**WHAT TO WORK ON**
Start at the line below containing "430 Dorothy Ave, HOLLY" and stop at the line containing "Chintan Sareen: The". Repeat every line of that stretch exactly, and nothing outside it.

[Records excerpted from a collection]
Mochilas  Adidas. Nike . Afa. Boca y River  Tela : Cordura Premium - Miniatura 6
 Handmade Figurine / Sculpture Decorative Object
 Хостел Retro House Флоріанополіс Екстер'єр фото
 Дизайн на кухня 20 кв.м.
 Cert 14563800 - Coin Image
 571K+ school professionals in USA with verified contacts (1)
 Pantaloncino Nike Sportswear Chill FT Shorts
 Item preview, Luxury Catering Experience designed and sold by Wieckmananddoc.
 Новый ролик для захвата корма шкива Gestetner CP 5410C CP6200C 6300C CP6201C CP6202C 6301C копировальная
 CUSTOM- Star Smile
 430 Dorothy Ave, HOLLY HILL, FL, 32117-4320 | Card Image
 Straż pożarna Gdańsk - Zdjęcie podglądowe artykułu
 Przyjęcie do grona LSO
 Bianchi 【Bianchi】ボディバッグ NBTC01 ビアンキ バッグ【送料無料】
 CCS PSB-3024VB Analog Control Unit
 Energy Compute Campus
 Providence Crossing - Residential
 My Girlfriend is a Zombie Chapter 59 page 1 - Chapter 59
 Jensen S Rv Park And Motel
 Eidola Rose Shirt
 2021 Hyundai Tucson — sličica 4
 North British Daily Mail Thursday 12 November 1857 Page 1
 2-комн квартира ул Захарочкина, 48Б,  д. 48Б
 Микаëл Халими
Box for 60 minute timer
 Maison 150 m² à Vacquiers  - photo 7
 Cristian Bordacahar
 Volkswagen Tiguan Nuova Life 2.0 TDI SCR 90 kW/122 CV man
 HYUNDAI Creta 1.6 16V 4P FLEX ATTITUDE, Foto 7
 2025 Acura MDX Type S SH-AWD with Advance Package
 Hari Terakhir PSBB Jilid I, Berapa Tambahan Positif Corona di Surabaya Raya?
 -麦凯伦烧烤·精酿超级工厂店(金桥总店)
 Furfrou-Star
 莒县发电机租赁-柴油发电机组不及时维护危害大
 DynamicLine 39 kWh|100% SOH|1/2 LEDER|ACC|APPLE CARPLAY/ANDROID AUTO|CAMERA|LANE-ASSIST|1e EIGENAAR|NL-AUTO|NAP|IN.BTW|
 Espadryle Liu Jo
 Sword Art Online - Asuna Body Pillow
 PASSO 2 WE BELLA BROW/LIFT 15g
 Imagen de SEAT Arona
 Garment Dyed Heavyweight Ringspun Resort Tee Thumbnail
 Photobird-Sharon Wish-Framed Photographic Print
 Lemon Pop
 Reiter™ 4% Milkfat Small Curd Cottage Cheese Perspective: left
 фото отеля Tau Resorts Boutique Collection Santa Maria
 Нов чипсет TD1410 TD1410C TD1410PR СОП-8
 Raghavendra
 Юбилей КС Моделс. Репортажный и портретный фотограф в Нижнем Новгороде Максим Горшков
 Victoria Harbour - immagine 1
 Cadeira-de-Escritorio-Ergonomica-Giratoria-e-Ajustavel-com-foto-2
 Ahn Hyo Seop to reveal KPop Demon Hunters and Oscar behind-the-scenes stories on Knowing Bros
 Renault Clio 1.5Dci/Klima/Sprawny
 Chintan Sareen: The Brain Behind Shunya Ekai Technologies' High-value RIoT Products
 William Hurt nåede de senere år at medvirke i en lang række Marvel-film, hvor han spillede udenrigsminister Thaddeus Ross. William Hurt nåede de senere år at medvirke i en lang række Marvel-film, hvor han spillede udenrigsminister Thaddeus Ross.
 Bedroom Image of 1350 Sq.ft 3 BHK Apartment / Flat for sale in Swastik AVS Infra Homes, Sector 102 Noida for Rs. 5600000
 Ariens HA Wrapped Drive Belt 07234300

**OUTPUT FOR THIS TASK**
 430 Dorothy Ave, HOLLY HILL, FL, 32117-4320 | Card Image
 Straż pożarna Gdańsk - Zdjęcie podglądowe artykułu
 Przyjęcie do grona LSO
 Bianchi 【Bianchi】ボディバッグ NBTC01 ビアンキ バッグ【送料無料】
 CCS PSB-3024VB Analog Control Unit
 Energy Compute Campus
 Providence Crossing - Residential
 My Girlfriend is a Zombie Chapter 59 page 1 - Chapter 59
 Jensen S Rv Park And Motel
 Eidola Rose Shirt
 2021 Hyundai Tucson — sličica 4
 North British Daily Mail Thursday 12 November 1857 Page 1
 2-комн квартира ул Захарочкина, 48Б,  д. 48Б
 Микаëл Халими
Box for 60 minute timer
 Maison 150 m² à Vacquiers  - photo 7
 Cristian Bordacahar
 Volkswagen Tiguan Nuova Life 2.0 TDI SCR 90 kW/122 CV man
 HYUNDAI Creta 1.6 16V 4P FLEX ATTITUDE, Foto 7
 2025 Acura MDX Type S SH-AWD with Advance Package
 Hari Terakhir PSBB Jilid I, Berapa Tambahan Positif Corona di Surabaya Raya?
 -麦凯伦烧烤·精酿超级工厂店(金桥总店)
 Furfrou-Star
 莒县发电机租赁-柴油发电机组不及时维护危害大
 DynamicLine 39 kWh|100% SOH|1/2 LEDER|ACC|APPLE CARPLAY/ANDROID AUTO|CAMERA|LANE-ASSIST|1e EIGENAAR|NL-AUTO|NAP|IN.BTW|
 Espadryle Liu Jo
 Sword Art Online - Asuna Body Pillow
 PASSO 2 WE BELLA BROW/LIFT 15g
 Imagen de SEAT Arona
 Garment Dyed Heavyweight Ringspun Resort Tee Thumbnail
 Photobird-Sharon Wish-Framed Photographic Print
 Lemon Pop
 Reiter™ 4% Milkfat Small Curd Cottage Cheese Perspective: left
 фото отеля Tau Resorts Boutique Collection Santa Maria
 Нов чипсет TD1410 TD1410C TD1410PR СОП-8
 Raghavendra
 Юбилей КС Моделс. Репортажный и портретный фотограф в Нижнем Новгороде Максим Горшков
 Victoria Harbour - immagine 1
 Cadeira-de-Escritorio-Ergonomica-Giratoria-e-Ajustavel-com-foto-2
 Ahn Hyo Seop to reveal KPop Demon Hunters and Oscar behind-the-scenes stories on Knowing Bros
 Renault Clio 1.5Dci/Klima/Sprawny
 Chintan Sareen: The Brain Behind Shunya Ekai Technologies' High-value RIoT Products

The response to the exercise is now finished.